THOSE on a tight budget could always rely on Kia to come up with the answer to their dreams.
Take the Venga for example. A supermini-sized, multi-purpose vehicle which believed it should have belonged alongside larger MPVs such as the Renault Scenic.
And the reason was thanks to it's clever packaging, for the car offered massive amounts of interior space for up to five to travel in comfort.
It all started with the South Korean marque's new small-car platform first used in the funky Soul. However, Kia stretched the wheelbase a little to help maximise cabin space.
The Venga was also the widest vehicle in its class and coupled with its high roofline, the end product offered an interior that provided for class-leading room throughout.
Sliding, 60-40-split rear seats added to the car's versatility, while they also folded flat to increase load space to what was already the largest boot in its sector.
But space was not the only issue, for the Venga's overall looks were far removed from the typical boxy-styled lines usually associated with vehicles of this ilk.
Viewed from the front, the wide-stance Venga was blessed with the now familiar Kia family grille, while from the side, the bulging door panels, muscular wheel arches and large area of glass sloping up from over the front wing to the rear panel gave the machine a somewhat sleek and sporty look.
Out on the road the Venga offered a smooth ride, while the suspension did a decent job of handling the humps and bumps of our badly-surfaced roads. Grip was good, but the car's tall stance did mean it leant a bit through tighter corners.
As with most MPVs, the driver benefitted from a high driving position to gain a great view of thinks happening up ahead, while the large glass panels in the split front windscreen pillars also added greatly to the driver's all-round vision.

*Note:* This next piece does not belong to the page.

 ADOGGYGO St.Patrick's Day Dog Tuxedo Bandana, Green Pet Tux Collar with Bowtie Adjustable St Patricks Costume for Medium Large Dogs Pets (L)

Top choice in the UK was the highly-competively priced 1.4-litre petrol in Trim 2. However, for buyers of a used Venga my choice would be the similar sized oilburner.

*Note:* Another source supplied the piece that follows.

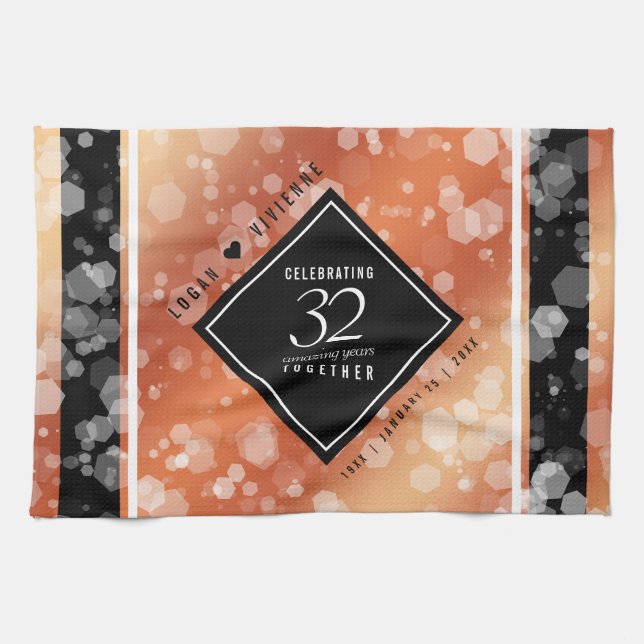 Elegant 32nd Bronze Wedding Anniversary Tea Towel (Horizontal)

Derived from the larger 1.6-litre diesel engine found in the Soul, the torquey Slovakian-built unit pumped out 89bhp at 4,000revs, enough to give the Venga a top speed of 104mph and a 0-62mph sprint time of 14 seconds dead.
But more importantly, emissions were kept to a low 117g/km, putting the sprightly little Venga into VED band C and with it an annual road fund charge of just £30 for 2016 and 2017 at least.

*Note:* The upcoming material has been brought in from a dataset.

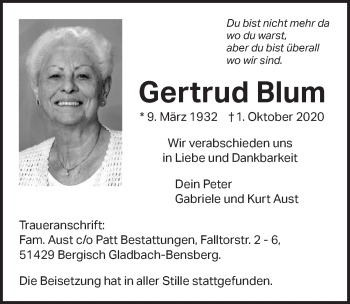 Anzeige von Gertrud Blum von  Bergisches Handelsblatt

And to help cut running costs to the bone, fuel consumption worked out at nearly 63mpg on the combined cycle, thanks in part to the car's intelligent stop-go system.
From a comfort and safety point of view the Venga came extremely well equipped, but what made the Venga stand out over the competition was its unique, transferrable, seven-year/100,000-mile warranty.
Expect to pay around the £4,645 mark up to £6,135 for a 2012 Venga 2 1.4-litre CRDi on a 12-plate with 40,000 miles on the clock. A slightly less equipped but still well specced out Venga 1 should come in at anything between £4,055 to £5,355.
Move up to a 2013 year model on a 13-plate with around 30,000 miles and the price increases to between £5,420 and £6,965 for the Venga 2, with the less-equipped Venga 1 coming in from around £4,740 to £6,090.